**Short descriptive text snippets:**

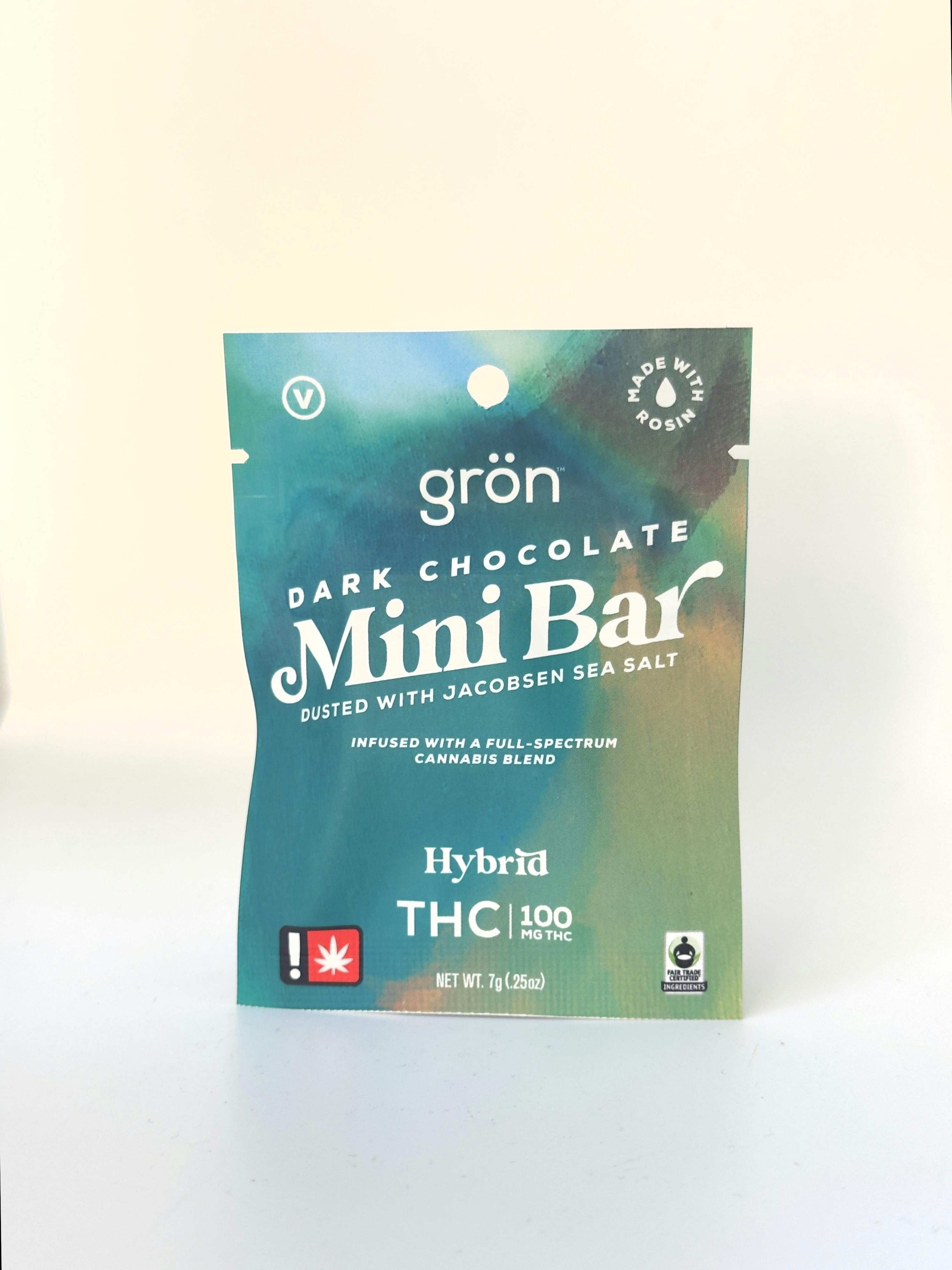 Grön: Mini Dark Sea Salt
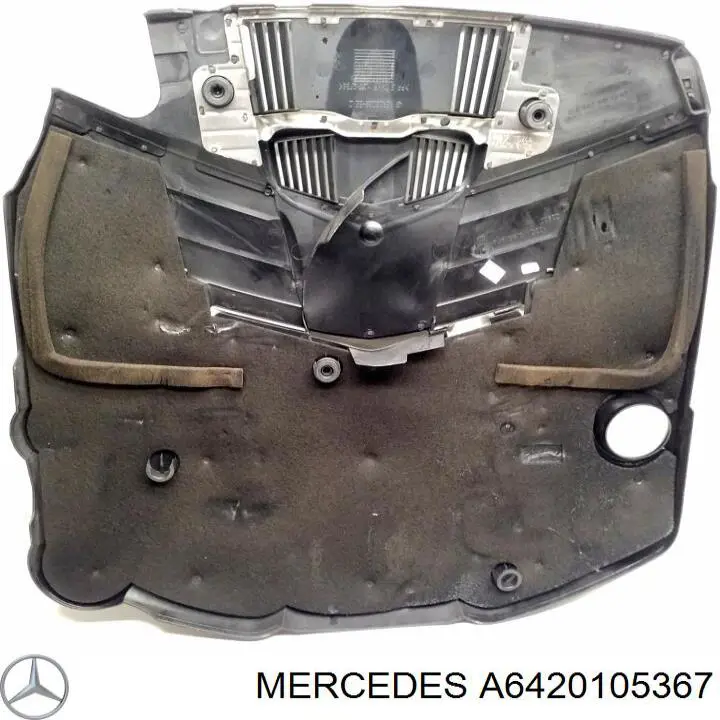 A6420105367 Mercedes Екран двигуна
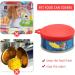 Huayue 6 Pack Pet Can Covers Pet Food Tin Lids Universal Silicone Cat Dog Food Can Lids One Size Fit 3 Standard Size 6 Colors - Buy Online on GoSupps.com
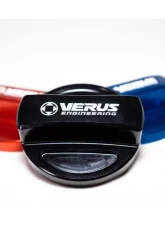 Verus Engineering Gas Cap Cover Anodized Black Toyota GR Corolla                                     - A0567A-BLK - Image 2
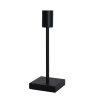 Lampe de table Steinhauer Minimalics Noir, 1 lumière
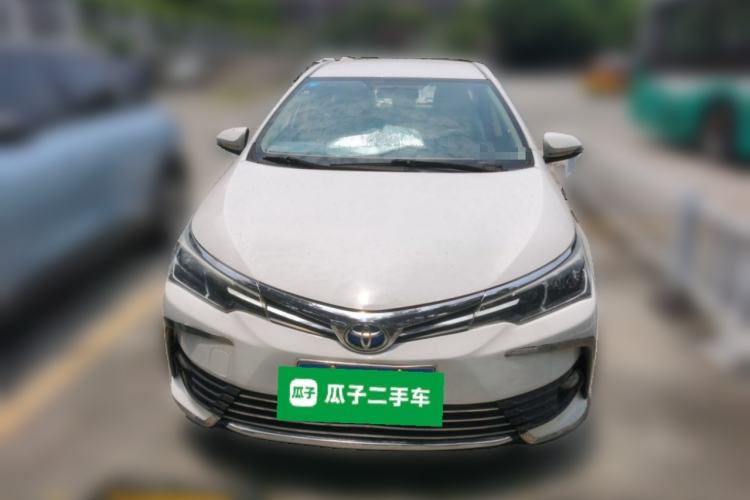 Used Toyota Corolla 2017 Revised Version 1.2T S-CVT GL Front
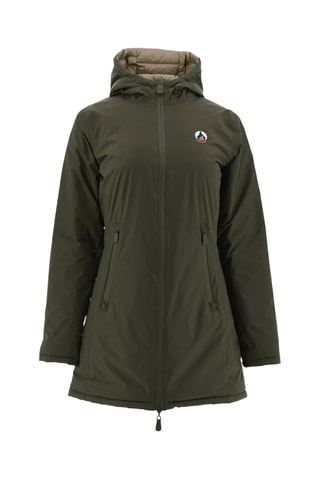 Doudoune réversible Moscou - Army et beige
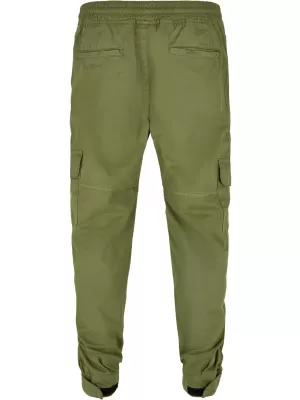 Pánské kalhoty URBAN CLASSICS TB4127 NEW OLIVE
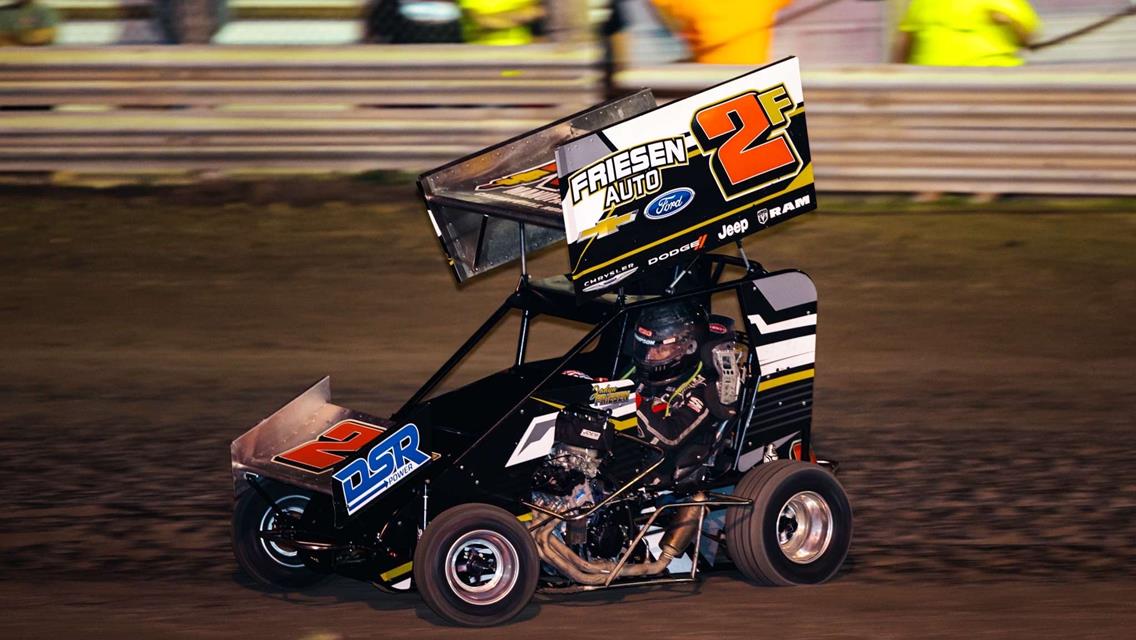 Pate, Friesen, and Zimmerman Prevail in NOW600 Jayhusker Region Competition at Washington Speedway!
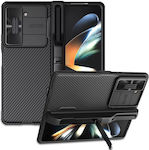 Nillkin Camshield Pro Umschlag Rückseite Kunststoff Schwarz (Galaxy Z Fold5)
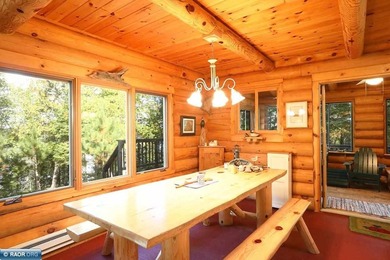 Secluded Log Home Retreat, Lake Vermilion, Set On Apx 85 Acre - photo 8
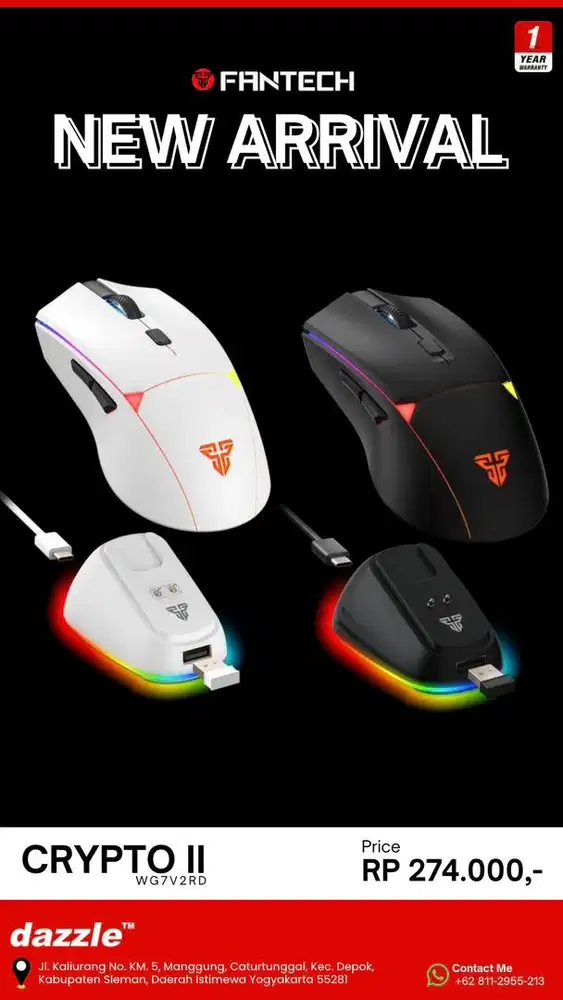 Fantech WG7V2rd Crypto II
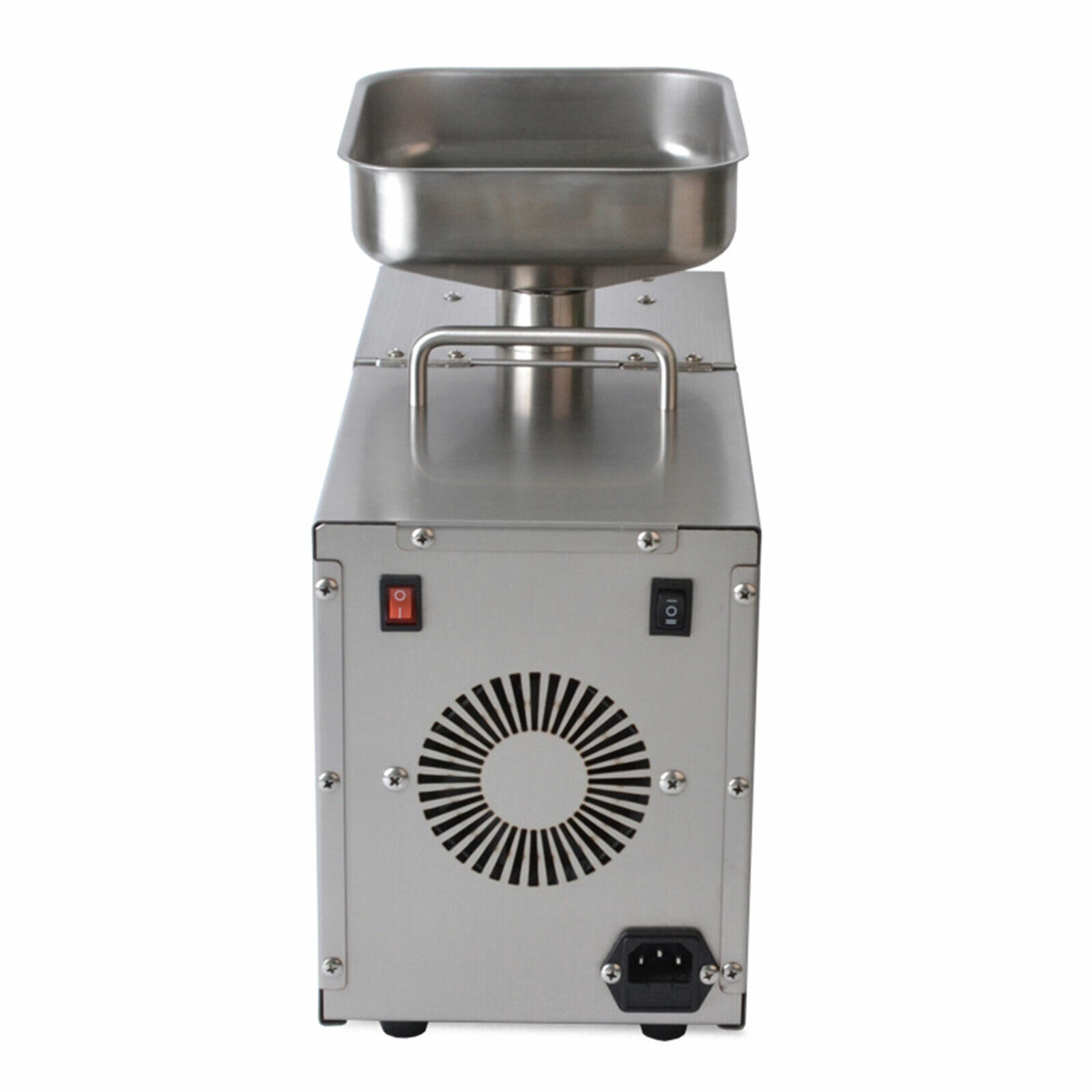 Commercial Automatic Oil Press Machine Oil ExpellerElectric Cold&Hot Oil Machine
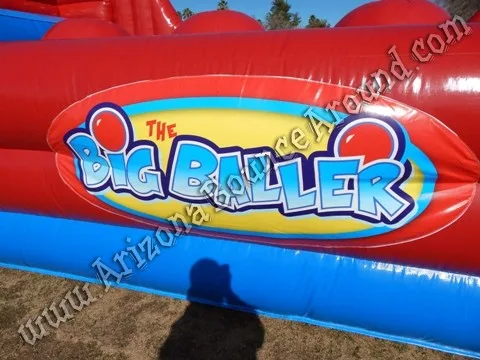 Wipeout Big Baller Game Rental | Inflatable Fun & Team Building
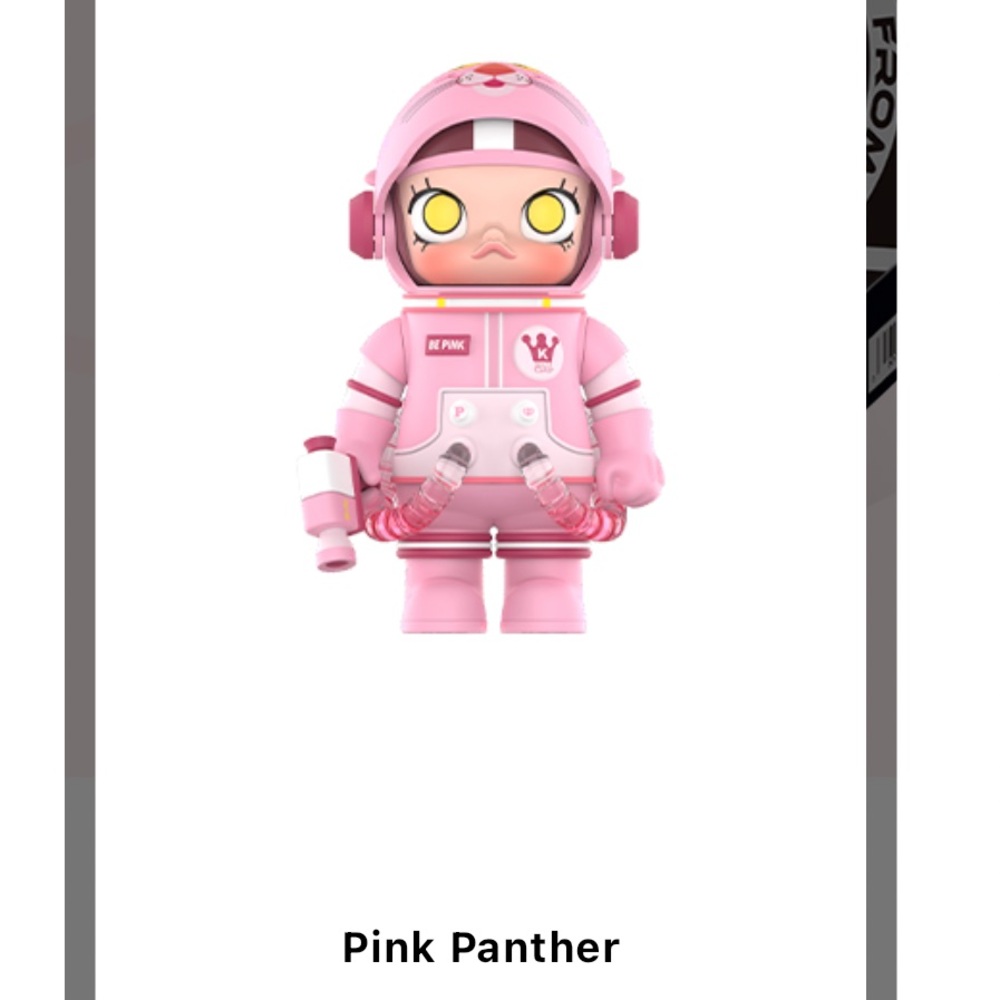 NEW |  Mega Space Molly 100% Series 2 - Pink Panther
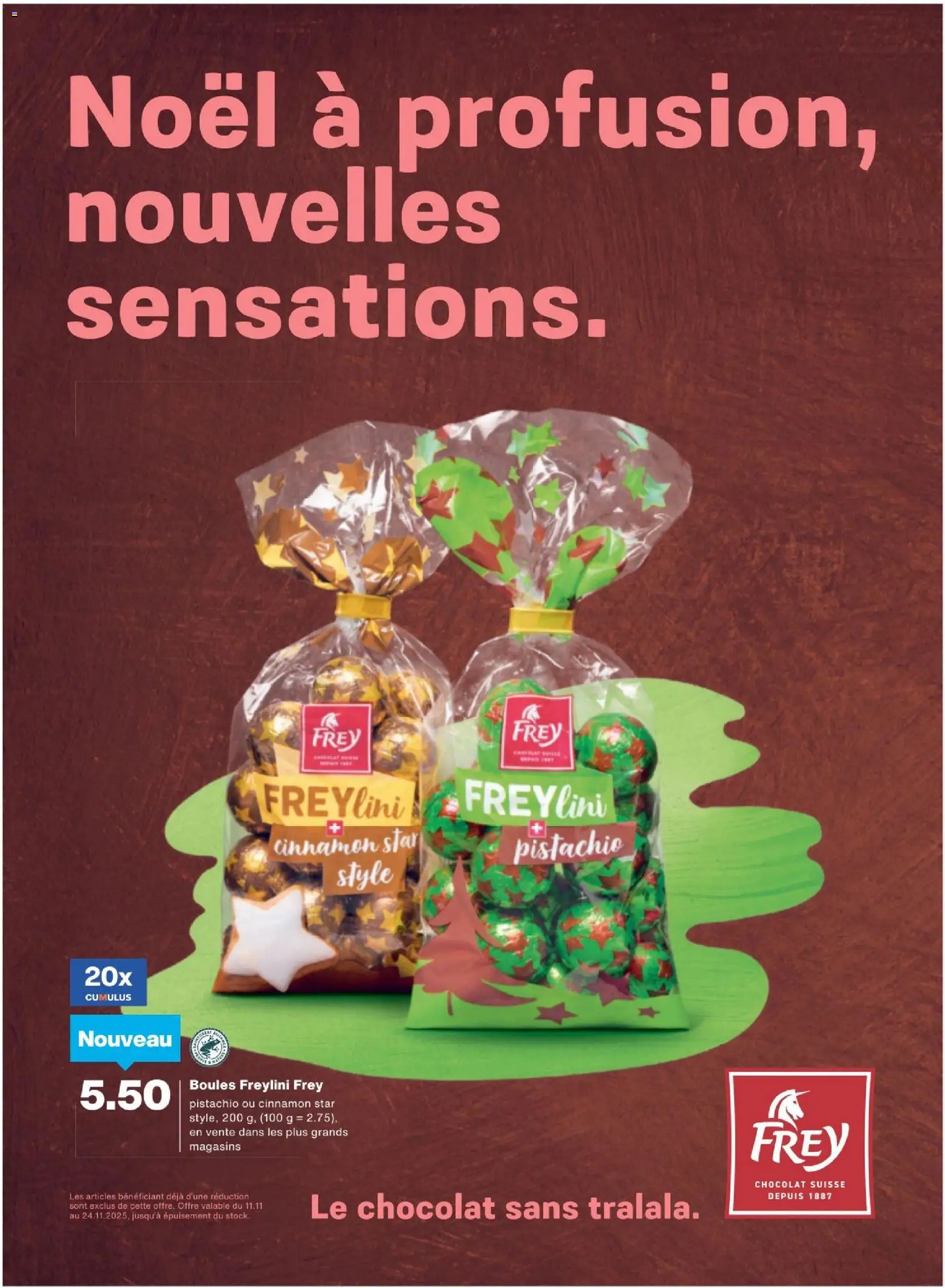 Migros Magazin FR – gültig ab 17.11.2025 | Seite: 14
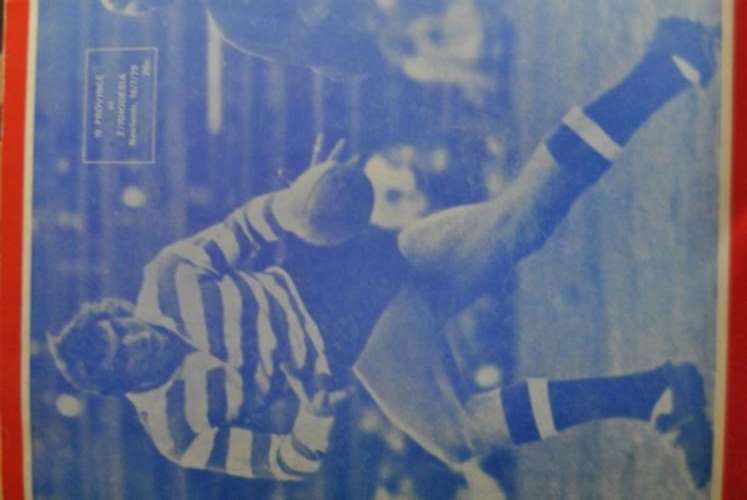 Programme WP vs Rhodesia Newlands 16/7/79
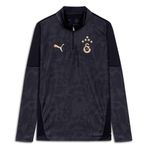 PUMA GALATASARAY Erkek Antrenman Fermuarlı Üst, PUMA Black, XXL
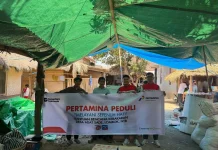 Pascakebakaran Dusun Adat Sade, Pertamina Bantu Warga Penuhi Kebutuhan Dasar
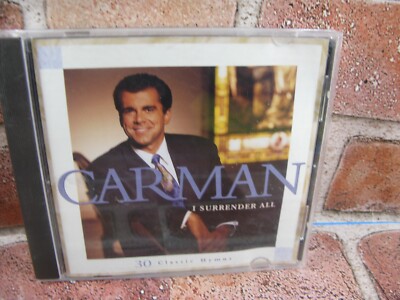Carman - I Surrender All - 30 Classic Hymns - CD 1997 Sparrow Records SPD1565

**Task requirements:** Every line above should be duplicated exactly; the pictures are to be left out.

**Exercise result:**
 Grön: Mini Dark Sea Salt
 A6420105367 Mercedes Екран двигуна
 Huayue 6 Pack Pet Can Covers Pet Food Tin Lids Universal Silicone Cat Dog Food Can Lids One Size Fit 3 Standard Size 6 Colors - Buy Online on GoSupps.com
 Verus Engineering Gas Cap Cover Anodized Black Toyota GR Corolla                                     - A0567A-BLK - Image 2
 Lampe de table Steinhauer Minimalics Noir, 1 lumière
 Used Toyota Corolla 2017 Revised Version 1.2T S-CVT GL Front
 Doudoune réversible Moscou - Army et beige
 Pánské kalhoty URBAN CLASSICS TB4127 NEW OLIVE
 Pate, Friesen, and Zimmerman Prevail in NOW600 Jayhusker Region Competition at Washington Speedway!
 Nillkin Camshield Pro Umschlag Rückseite Kunststoff Schwarz (Galaxy Z Fold5)
 Secluded Log Home Retreat, Lake Vermilion, Set On Apx 85 Acre - photo 8
 Fantech WG7V2rd Crypto II
 Commercial Automatic Oil Press Machine Oil ExpellerElectric Cold&Hot Oil Machine
 Wipeout Big Baller Game Rental | Inflatable Fun & Team Building
 NEW |  Mega Space Molly 100% Series 2 - Pink Panther
 Migros Magazin FR – gültig ab 17.11.2025 | Seite: 14
 Programme WP vs Rhodesia Newlands 16/7/79
 PUMA GALATASARAY Erkek Antrenman Fermuarlı Üst, PUMA Black, XXL
 Pascakebakaran Dusun Adat Sade, Pertamina Bantu Warga Penuhi Kebutuhan Dasar
Carman - I Surrender All - 30 Classic Hymns - CD 1997 Sparrow Records SPD1565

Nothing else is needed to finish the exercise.